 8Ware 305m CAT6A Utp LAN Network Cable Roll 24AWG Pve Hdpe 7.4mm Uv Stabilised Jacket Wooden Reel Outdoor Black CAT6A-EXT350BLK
═══
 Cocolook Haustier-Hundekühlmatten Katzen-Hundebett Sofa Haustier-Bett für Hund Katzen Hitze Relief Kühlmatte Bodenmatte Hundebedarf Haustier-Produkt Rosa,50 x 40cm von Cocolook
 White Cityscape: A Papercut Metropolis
═══
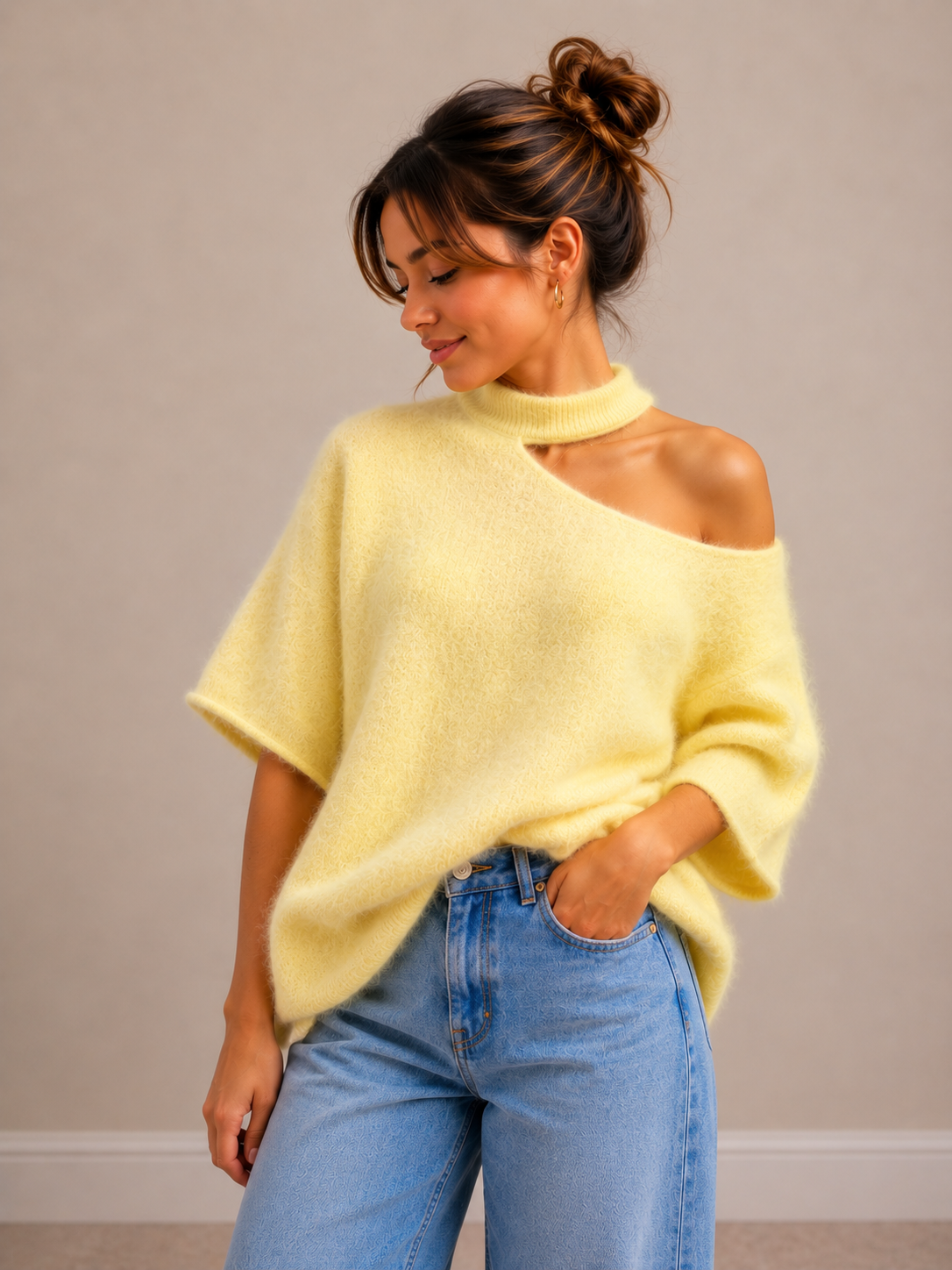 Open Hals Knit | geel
═══
Problem details
With the first line being the one containing "Cocolook Haustier-Hundekühlmatten Katzen-Hundebett" and the last line the one containing "White Cityscape: A Papercut Metropolis", transcribe exactly the lines above that fall in that range.

Reply
 Cocolook Haustier-Hundekühlmatten Katzen-Hundebett Sofa Haustier-Bett für Hund Katzen Hitze Relief Kühlmatte Bodenmatte Hundebedarf Haustier-Produkt Rosa,50 x 40cm von Cocolook
 White Cityscape: A Papercut Metropolis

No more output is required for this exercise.